Homer is an early learning app for children ages 2–6, with a library of 1,000+ lessons across reading, math, and social-emotional development. At the time of this project, the app had strong acquisition numbers but was losing ground on retention — kids were opening the app, but not coming back.
I was the sole product designer on this initiative, working directly with the VP of Product, two engineers, and the brand team. I owned the full design lifecycle: research, wireframes, prototypes, usability testing, design system, and final UI across iOS, Android, and web.
Hero overview showing the full product context.
I ran 14 moderated usability sessions with children ages 2–6 and their parents across in-home, daycare, and remote settings. The goal wasn't to validate — it was to understand what was actually happening before we touched anything.
Research artifacts from 14 usability sessions.

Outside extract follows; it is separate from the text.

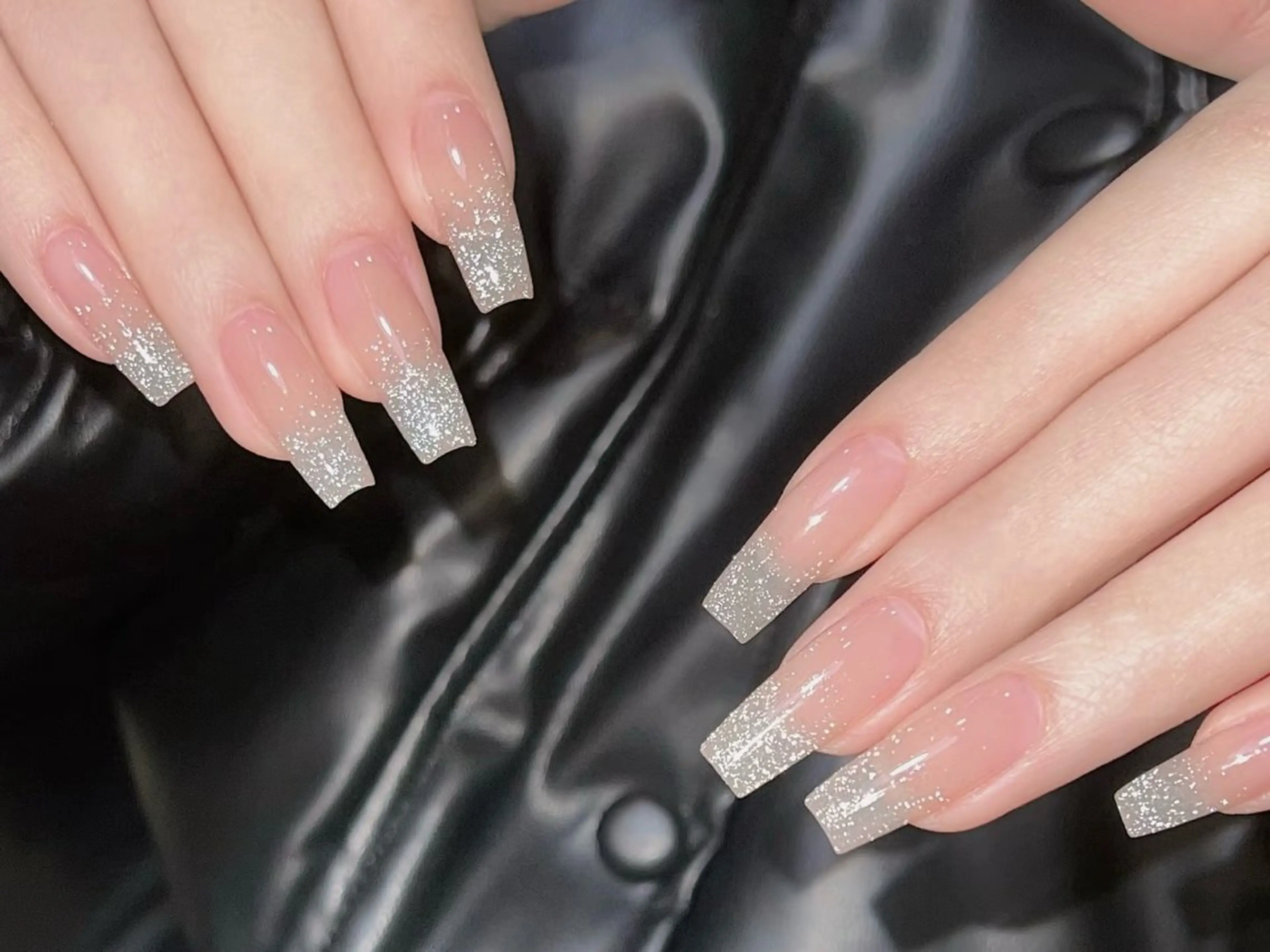 ロング ハンドネイル Angel’s nail salonのネイルデザイン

The content library had over 1,000 lessons. Kids couldn't find anything. We rebuilt content discovery from scratch — moving from a flat grid to a curated, character-led home screen.
Design explorations for objective 01.
Every navigation element relied on text labels that 60% of our users couldn't read. We rebuilt the nav system around iconography, character cues, and audio feedback.
Design explorations for objective 02.
The app felt static. We introduced motion, character reactions, and celebration moments — designing for joy, not addiction.
Design explorations for objective 03.
The final design centered on three core changes: a curated home screen driven by Homer's character cast, a fully icon-based navigation system that worked without text, and a motion design language that made the app feel alive.
Final shipped product screens.
We prototyped a recommendation engine, a learning path flow, and a parent dashboard in the first two weeks. All three got cut after testing. Killing them early saved roughly 3 sprints of engineering time.
I built a component library of 40+ components across iOS, Android, and web — the first time Homer had a unified system across platforms. The system cut per-feature design and build time by roughly 30%.
Design system components and user flows.
Final shipped product.
I'd push for a longer research phase with more children under 3. I'd also involve engineering earlier in the design system work — I built it largely in isolation and some component specs needed significant revision before they could ship.
The decision to cut the recommendation engine. Every stakeholder wanted it. The data didn't support it. Holding that line — with research to back it up — was the right call and probably saved the project from scope creep.